Filipinos leaving for overseas work do so because they find a lot of things lacking in the Philippines. Foremost of which is the opportunity to work (gainful or otherwise), to receive income way above whatever it is they earn as laborers in the Philippines, and the perceived opportunities for growth and personal development. And in their actual country of destination, many Filipinos either find, are promised, or perceive that there is an abundance of whatever it is they find lacking in the Philippines.
In most cases however, overseas Filipinos workers (OFWs) get more than what they bargain for. Along with the perceived and actual benefits of migration, OFWs also invariably deal with the social and personal costs of their migration experiences. From wanting more out of life, many returned with less than what they were aiming for.
Moreso for Filipino women migrant workers who end up mostly working as domestic workers, entertainers, factory workers, and caregivers. These are jobs that leave women migrant workers vulnerable to abuse and exploitation.
Batis Center for Women has been addressing the issues and concerns of returned distressed women migrant workers since the late 1980s. The women, spurred by their dreams of better lives for themselves and their families, ended up in situations of abuse and exploitation. From a sea of despair in their countries of destination, Batis Center for Women offered a stream of hope to returned distressed women migrant workers.
From the provision of direct assistance and welfare services, Batis developed its programs and services until the institution had the capability to address the medium-term needs of the women through awareness-raising, organizing, alternative livelihood projects / social enterprise development, and other social and economic reintegration activities. Through more than two decades of institutional herstory, Batis was able to assist individual clients and groups of clients (through Batis AWARE and other group formations) in setting up enterprises. From the earlier alternative livelihood project such as the sewing shop, Batis has played a role in the establishment of Batis AWARE’s vigil candle shop.
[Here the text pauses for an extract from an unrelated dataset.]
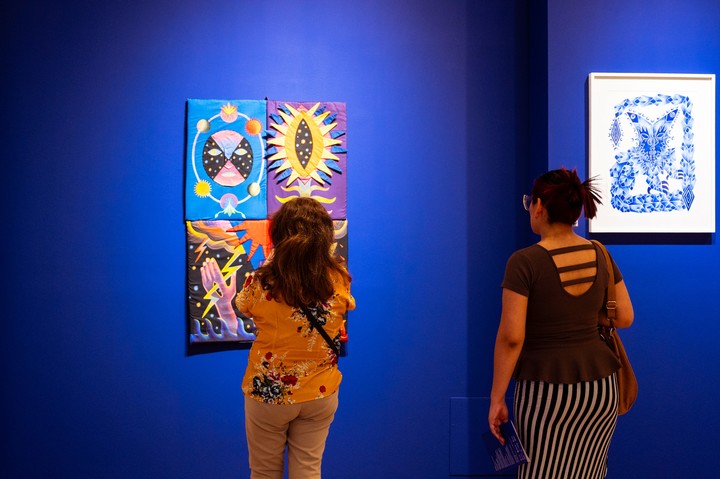 La muestra “Rostros rituales: una lectura contemporánea del patrimonio vivo de Corea y Argentina” en el Centro Cultural Coreano. Foto: gentileza.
Batis AWARE has since then established other enterprises such as the burger shop and a small canteen. Batis also assisted individual clients set up small enterprises in Luzon, Visayas and Mindanao and the most recent enterprise set up by Batis with a group of the institution’s women clients is the laundromat in Quezon City.
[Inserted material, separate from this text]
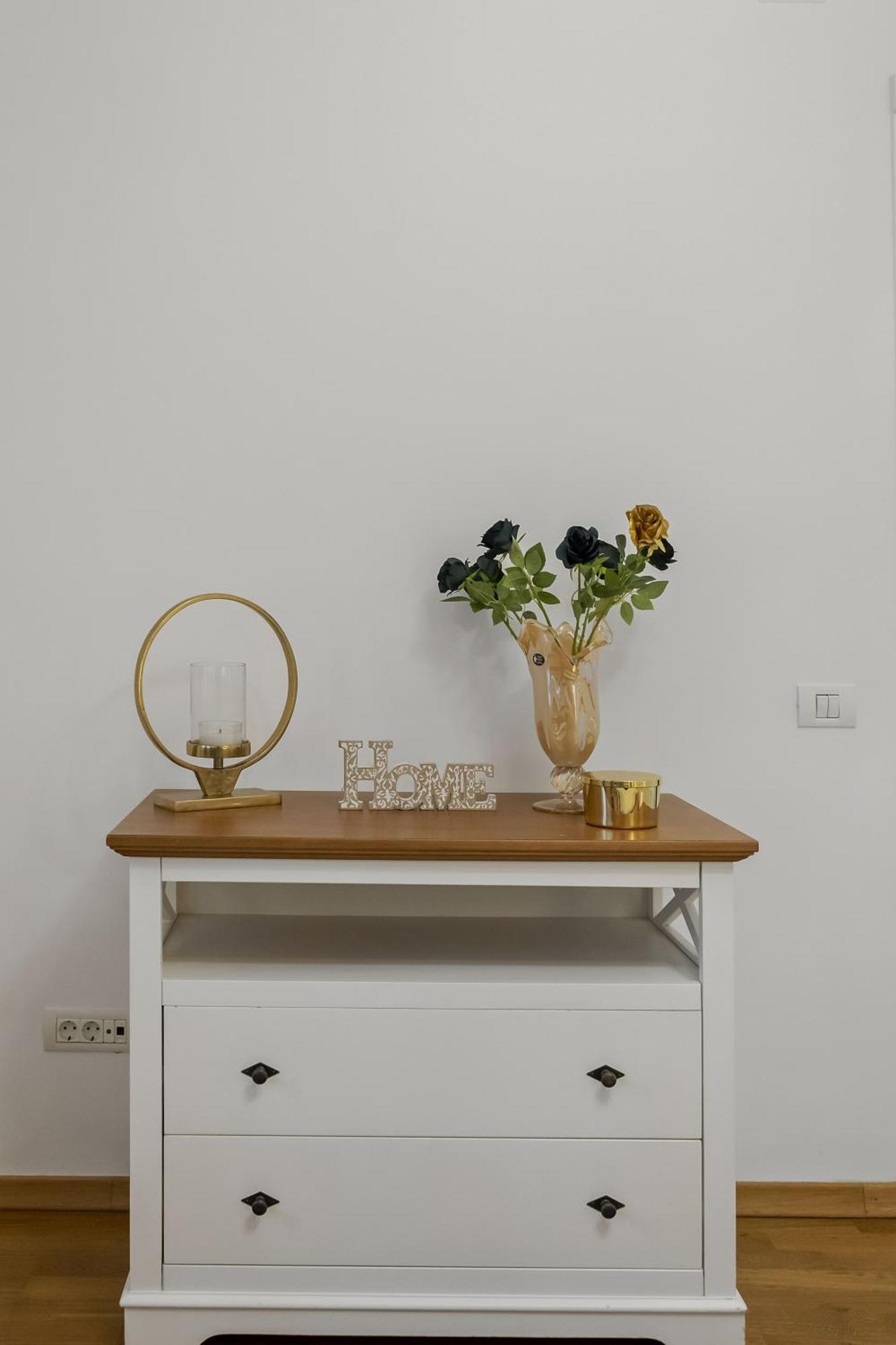Sweet Luxury Three Rooms Apartment City Center Universitate Bucareste Exterior foto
In our desire to bring the services (reception to reintegration) for returned distressed women migrant workers closer to the ground and to create a direct impact in communities where the women come from, Batis Center for Women in 2007 initiated community organizing work in identified areas in Bulacan and Nueva Ecija after it was established that a clustering of the institution’s clients were to be found in these provinces. In 2010, Batis included Ilocos Sur in the scope of its geographic work. Batis’ vision was to create a local social and economic support and reintegration network to create the environment at the local level for the individual initiatives of the Batis clients to fluorish and become sustained by connecting it with available services and on-going initiatives in the area with the support of the local government, the business sector, the private sector, migrant associations, and other stakeholders.
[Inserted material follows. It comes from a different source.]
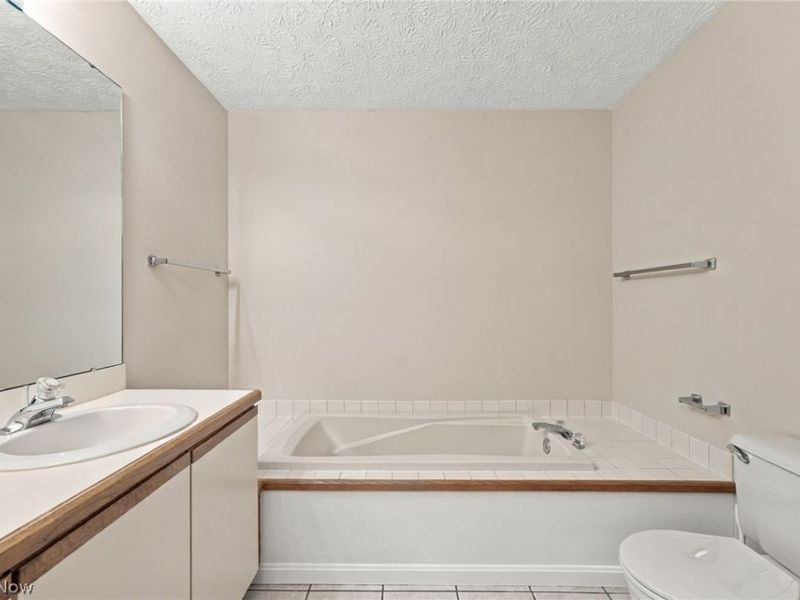 31825 Bayview Drive, Unit 110, Avon Lake, OH 44012 Photo 23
By linking the economic initiatives of returned distressed women migrant workers to create the enabling environment for support, scaling-up (growth) and sustainability, starting out with LESS can translate to more opportunities for the returned distressed women migrant workers, their families and local economies to benefit from these linked economic initiatives. In the long run, these linked initiatives is envisioned to become a local social and economic support and reintegration network for prospective, confirmed, active, and returned migrant workers and their families in order to minize the social costs and optimize the gains of migration for local economic development, and wealth & job generation.